Action item:
Where the data below begins, start duplicating lines exactly, and finish with the line containing "Close to your"; add nothing else. Leave the pictures out.

The data:
== Segment start ==

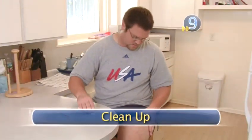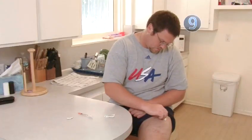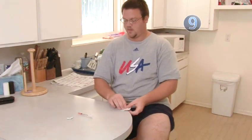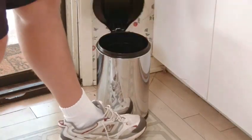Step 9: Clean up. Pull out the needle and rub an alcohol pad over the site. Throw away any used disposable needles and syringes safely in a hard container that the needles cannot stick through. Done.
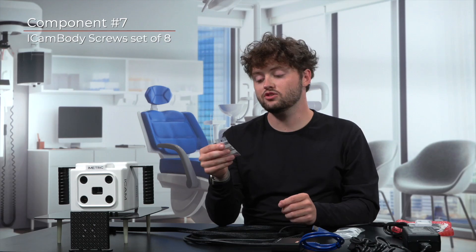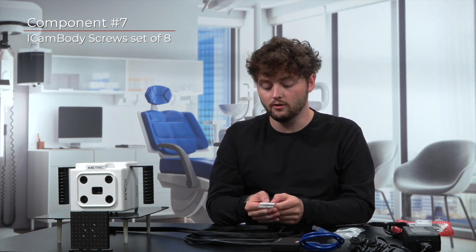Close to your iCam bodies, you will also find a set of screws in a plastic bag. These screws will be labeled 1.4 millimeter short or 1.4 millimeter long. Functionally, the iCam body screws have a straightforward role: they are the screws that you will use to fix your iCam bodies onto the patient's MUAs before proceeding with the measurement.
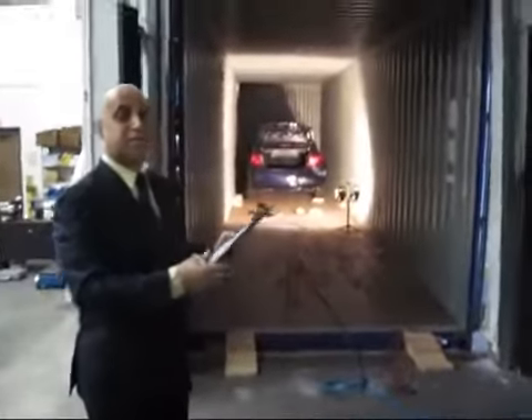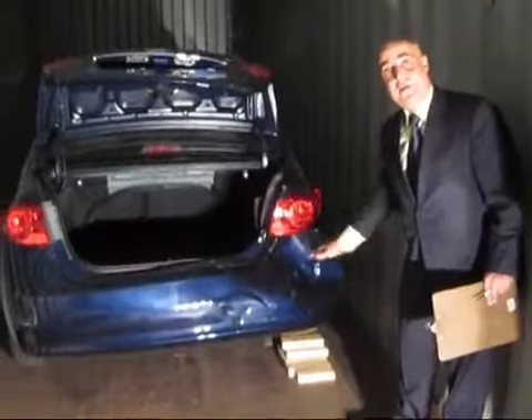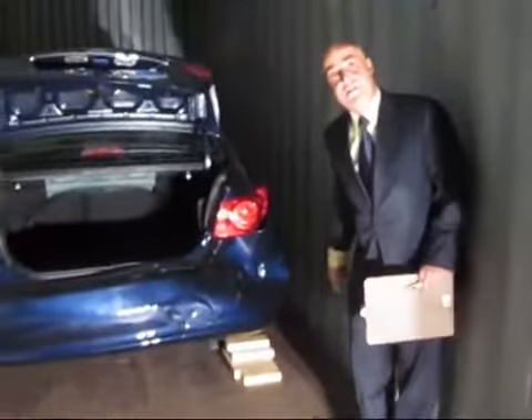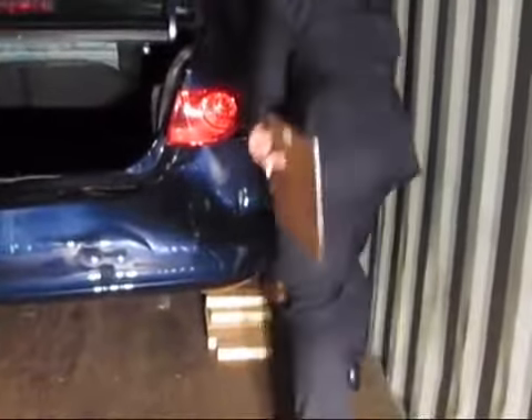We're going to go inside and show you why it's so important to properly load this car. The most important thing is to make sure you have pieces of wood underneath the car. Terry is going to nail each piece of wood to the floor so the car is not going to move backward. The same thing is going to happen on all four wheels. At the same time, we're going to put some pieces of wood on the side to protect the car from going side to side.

== Segment end ==

Answer area:
Step 9: Clean up. Pull out the needle and rub an alcohol pad over the site. Throw away any used disposable needles and syringes safely in a hard container that the needles cannot stick through. Done.
Close to your iCam bodies, you will also find a set of screws in a plastic bag. These screws will be labeled 1.4 millimeter short or 1.4 millimeter long. Functionally, the iCam body screws have a straightforward role: they are the screws that you will use to fix your iCam bodies onto the patient's MUAs before proceeding with the measurement.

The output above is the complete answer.